Nos villes sont des carrefours des civilisations, des marqueurs d'identité, des lieux de culture et de mémoire. Ces expressions, loin d'être passéistes, renforcent le sentiment d’appartenance. Elles préparent l'avenir, s'allient à de formidables capacités de création, d'innovation, de progrès et d'adaptation.
Nos villes sont des lieux d’excellence, des pôles majeurs de développement de l'économie, des connaissances, de la recherche, de l'éducation qui sont gages d’un développement vraiment durable.
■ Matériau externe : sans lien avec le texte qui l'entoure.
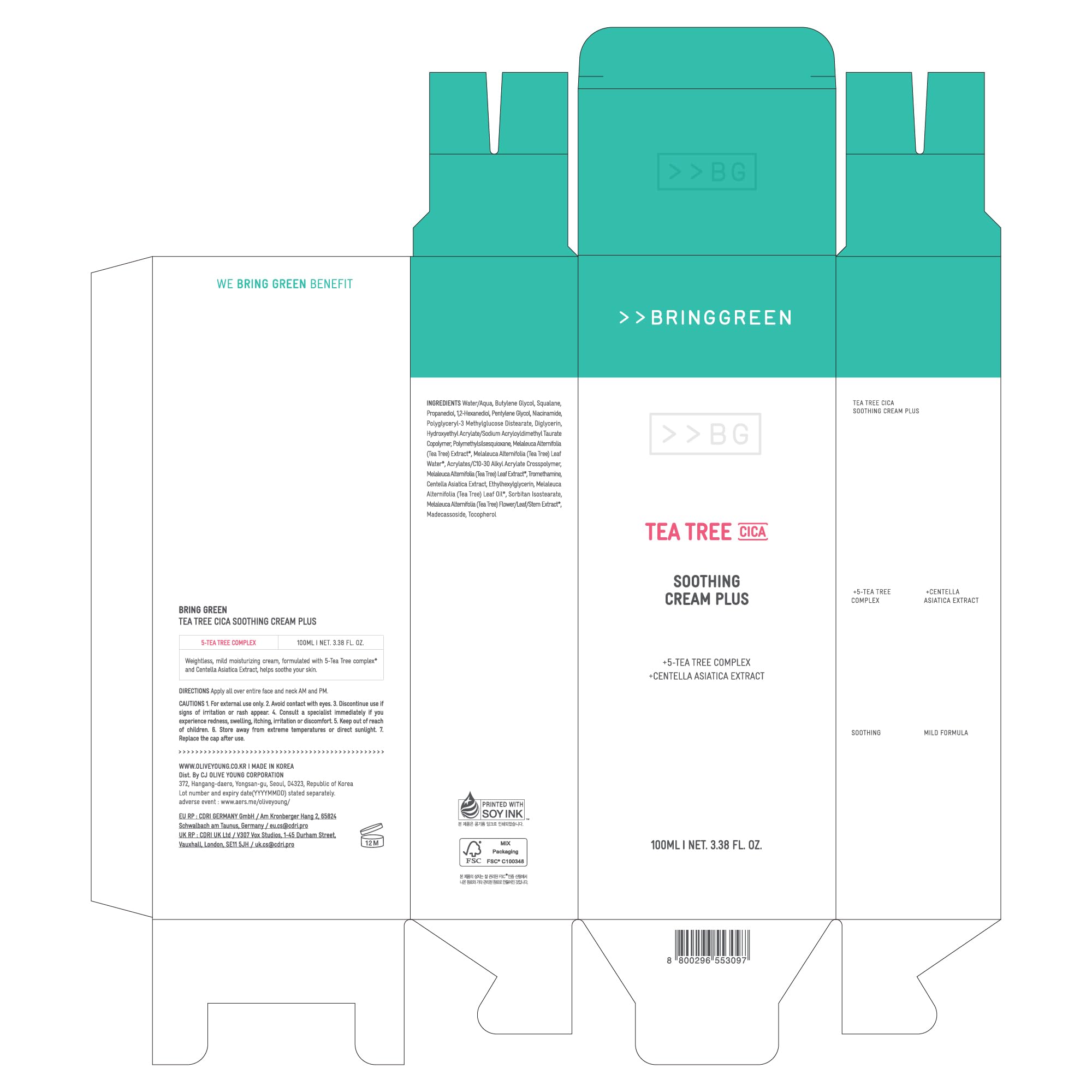 BRING GREEN Tea Tree Cica Soothing Cream Plus 100ml – Pack of 2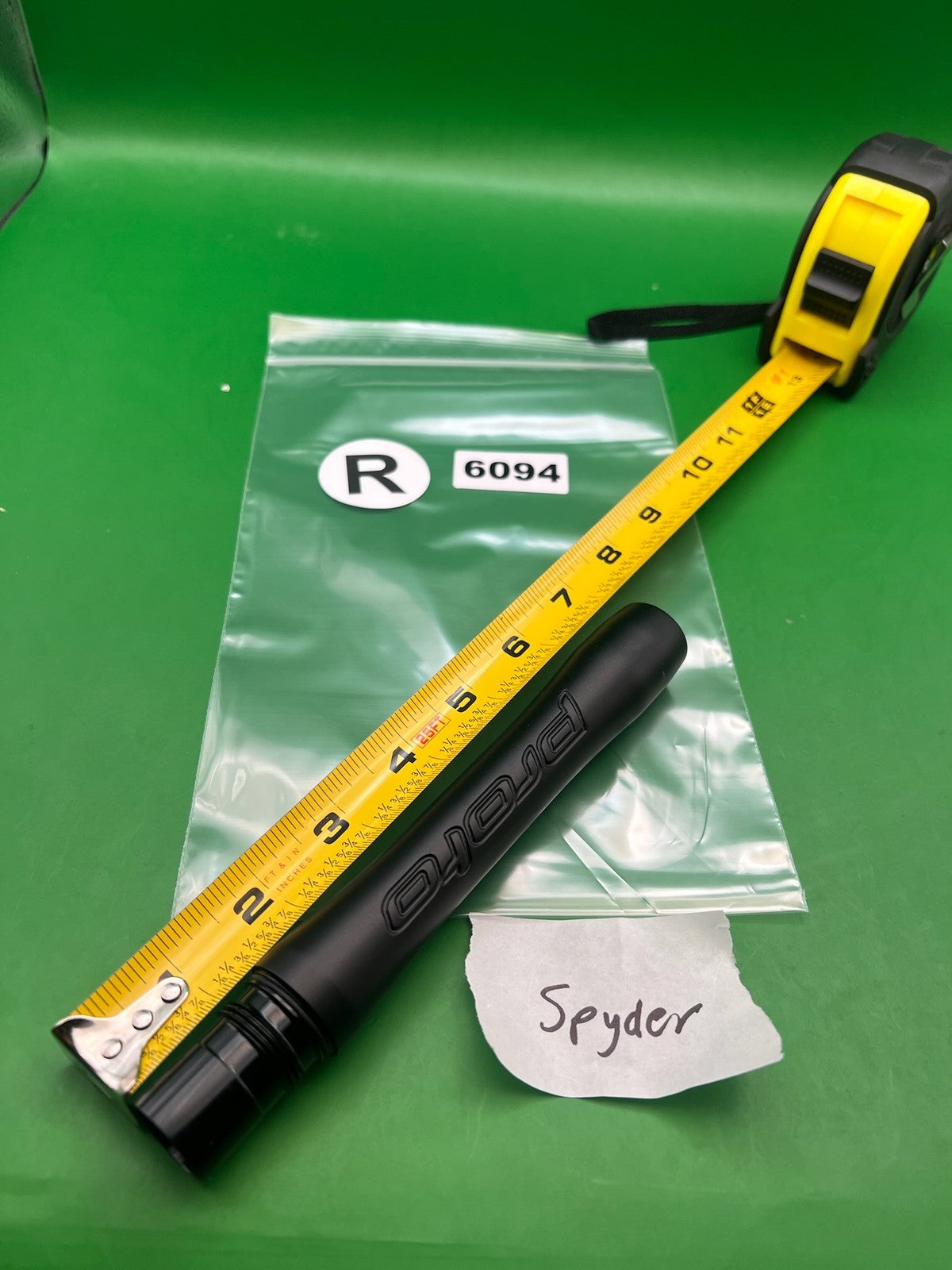 Proto Barrel Back Spyder Thread 8" Black - used paintball barrel back - black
A l’aube de ce millénaire, les technologies de l'information et de la communication devraient, là encore, s'y développer en ce sens.
Mesdames, Messieurs,
Alors même que la majeure partie des populations vit dans les villes, alors même que les équilibres écologiques globaux sont menacés, les villes, avec leurs systèmes productifs innovants, les villes bâtisseuses de solidarités efficaces, les villes à l'épreuve de nouvelles pratiques écologiques, les villes citoyennes, les villes interculturelles sont en marche, elles ont un rôle majeur à jouer et les moyens de construire l'avenir.
Puisse cette Charte mobiliser les énergies, et d'abord les nôtres, les vôtres. Je vous invite à la lire et à la faire partager dans vos pays et dans vos assemblées respectives.